__GIVEN MATERIAL__.
───

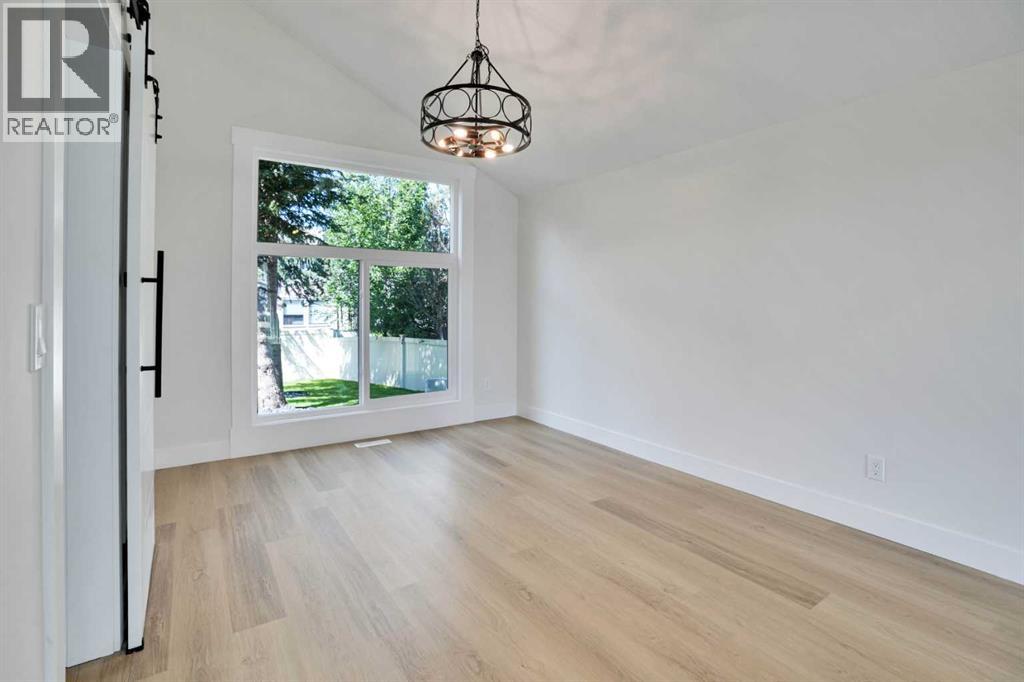 Photo 6 of 13 Shawnee Way Sw, Calgary AB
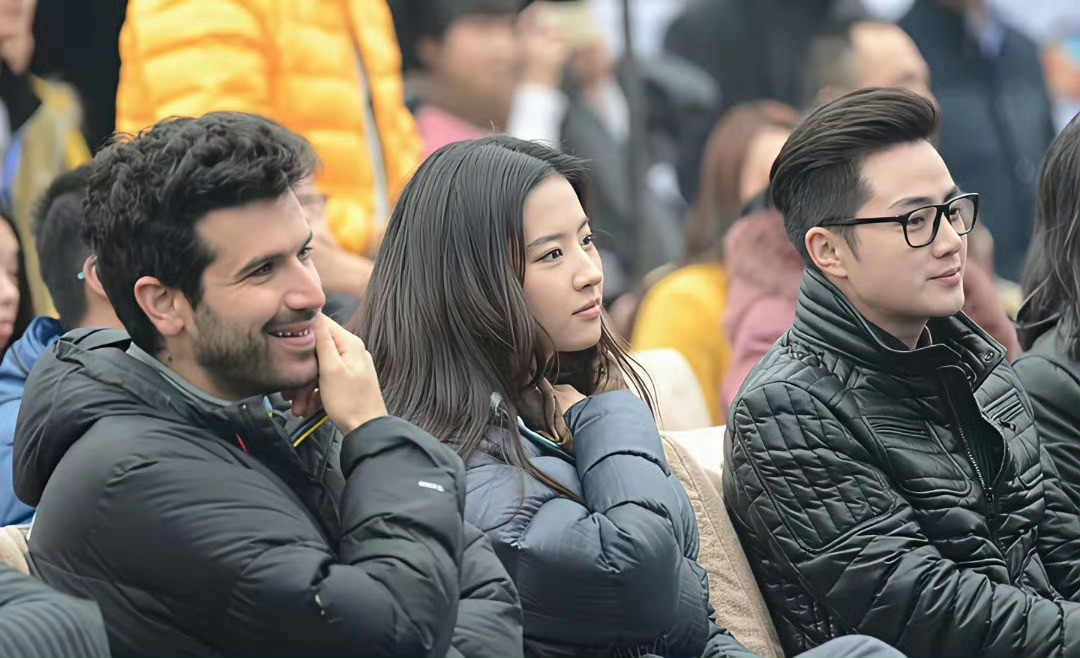 刘亦菲就是穿上厚厚的羽绒服往那一坐，也是人群中闪烁的星光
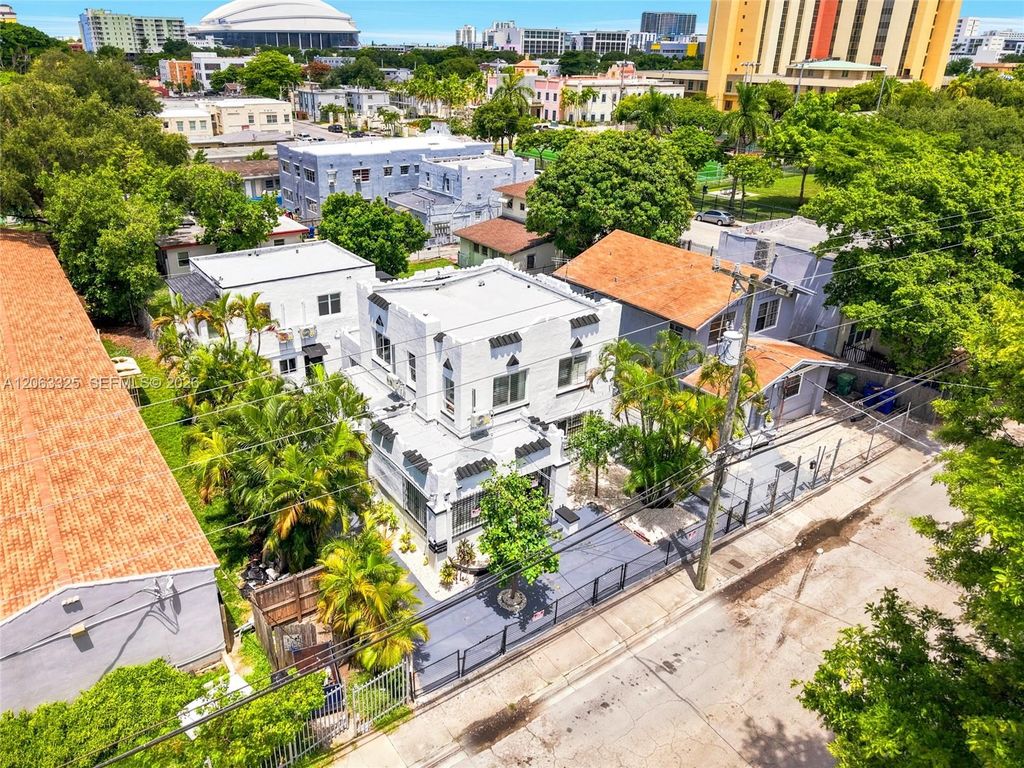 128 NW 9th Avenue 2, Miami, FL 33128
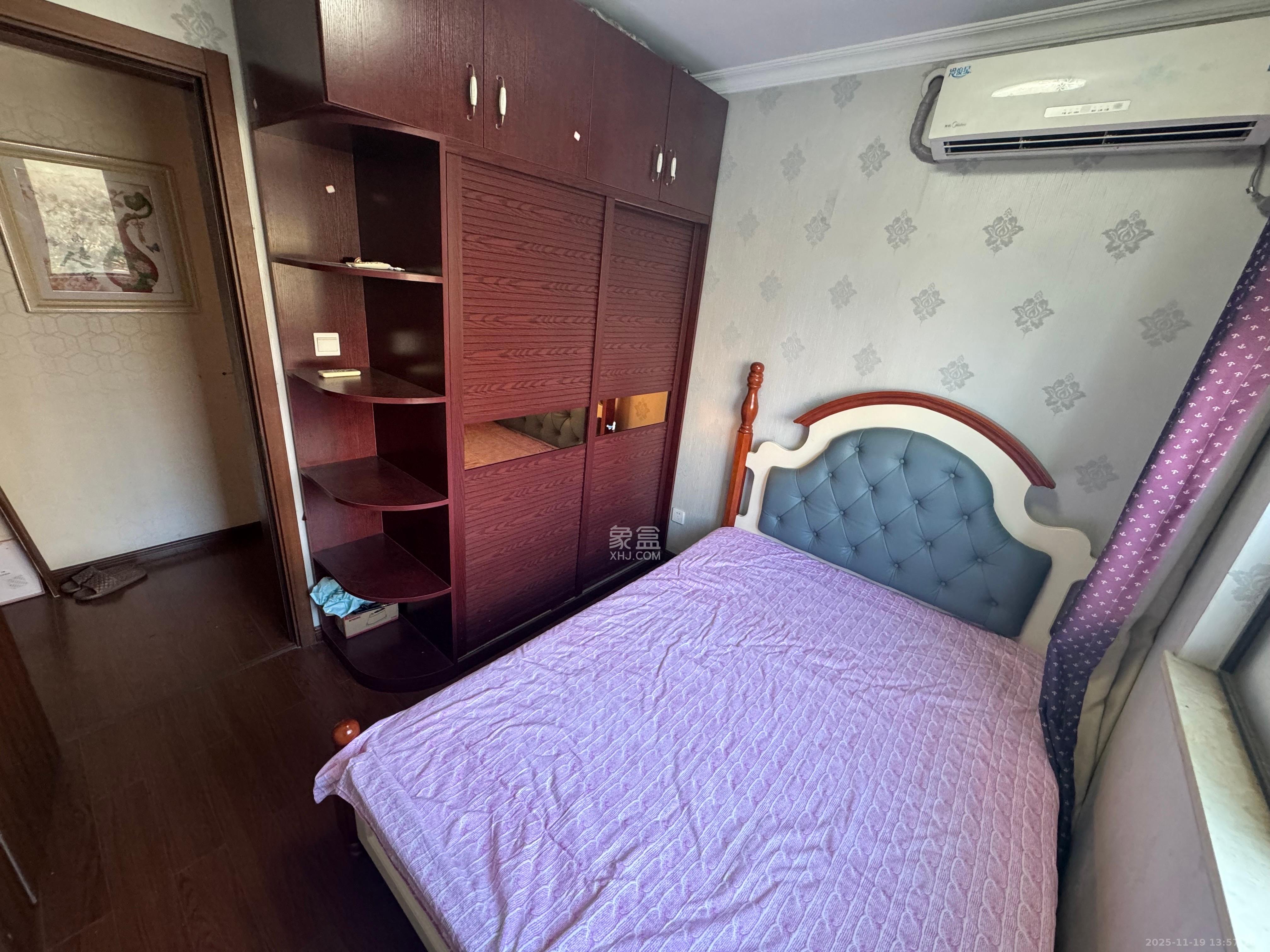 万科城 3室2厅2卫 2400.0元/月 万科城 3室2厅2卫 2400.0元/月室内图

───

__TASK TO CARRY OUT__.
Please give back the data above word for word, with no pictures included.

__EXERCISE OUTPUT__.
 Photo 6 of 13 Shawnee Way Sw, Calgary AB
 刘亦菲就是穿上厚厚的羽绒服往那一坐，也是人群中闪烁的星光
 128 NW 9th Avenue 2, Miami, FL 33128
 万科城 3室2厅2卫 2400.0元/月 万科城 3室2厅2卫 2400.0元/月室内图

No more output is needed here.